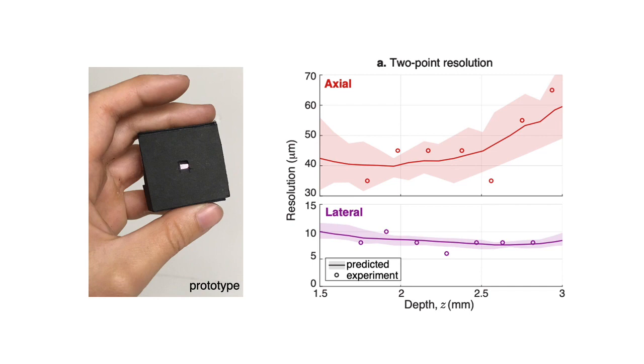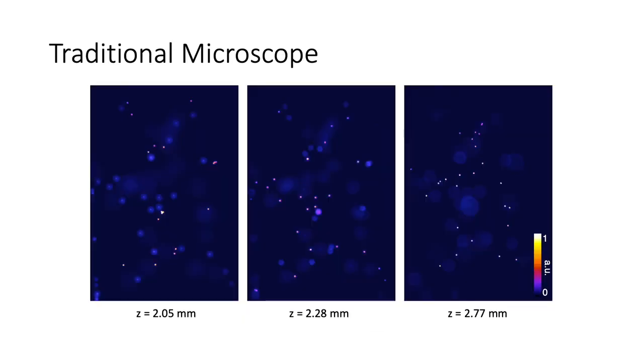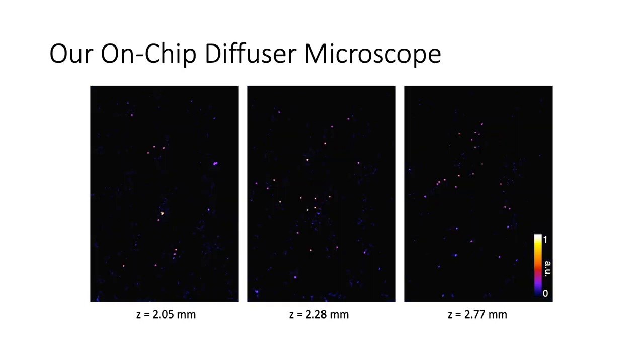To demonstrate the 3D capabilities of our system, we image a sample of 15 micron beads arranged in three layers. Using a traditional microscope for validation, we see that our prototype captures the locations of all the beads in 3D and even removes out-of-focus light.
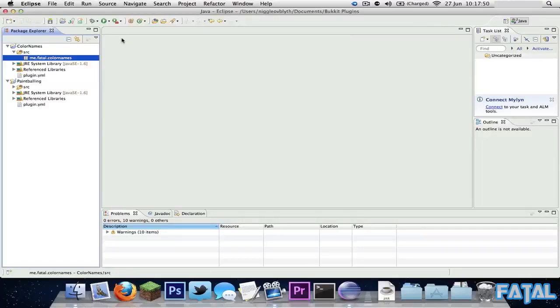Alright guys, Phil here and I'm in Eclipse - and no, it's not that stupid Twilight thing, movie crap stuff. This is a platform where I'm allowed to develop plugins for Bukkit and all that, for Zazzle.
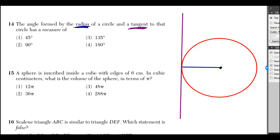The angle formed by the radius of a circle and a tangent to that circle has a measure of 90 degrees. In fact, it should be pretty clear from this picture that it looks like a 90 degree angle.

- Exercise details:
Only the pictures in the listing above get left out; print everything else exactly.

- Response to this exercise:
To demonstrate the 3D capabilities of our system, we image a sample of 15 micron beads arranged in three layers. Using a traditional microscope for validation, we see that our prototype captures the locations of all the beads in 3D and even removes out-of-focus light.
Alright guys, Phil here and I'm in Eclipse - and no, it's not that stupid Twilight thing, movie crap stuff. This is a platform where I'm allowed to develop plugins for Bukkit and all that, for Zazzle.
The angle formed by the radius of a circle and a tangent to that circle has a measure of 90 degrees. In fact, it should be pretty clear from this picture that it looks like a 90 degree angle.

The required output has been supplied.